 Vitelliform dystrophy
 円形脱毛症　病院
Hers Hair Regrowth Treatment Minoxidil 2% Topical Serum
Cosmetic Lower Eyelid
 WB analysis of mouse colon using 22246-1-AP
--
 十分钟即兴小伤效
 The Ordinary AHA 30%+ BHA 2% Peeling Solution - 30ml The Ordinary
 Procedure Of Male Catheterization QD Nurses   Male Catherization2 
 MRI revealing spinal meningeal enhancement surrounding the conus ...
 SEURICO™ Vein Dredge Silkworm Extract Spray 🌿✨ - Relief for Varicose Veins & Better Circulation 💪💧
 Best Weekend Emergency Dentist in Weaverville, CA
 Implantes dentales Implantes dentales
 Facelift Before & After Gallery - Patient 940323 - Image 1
--
▸ **EXERCISE**:
Proceeding from the line containing "SEURICO™ Vein Dredge" through the line containing "Facelift Before &", transcribe the lines above exactly, both end lines included.

▸ **ANSWER BOX**:
 SEURICO™ Vein Dredge Silkworm Extract Spray 🌿✨ - Relief for Varicose Veins & Better Circulation 💪💧
 Best Weekend Emergency Dentist in Weaverville, CA
 Implantes dentales Implantes dentales
 Facelift Before & After Gallery - Patient 940323 - Image 1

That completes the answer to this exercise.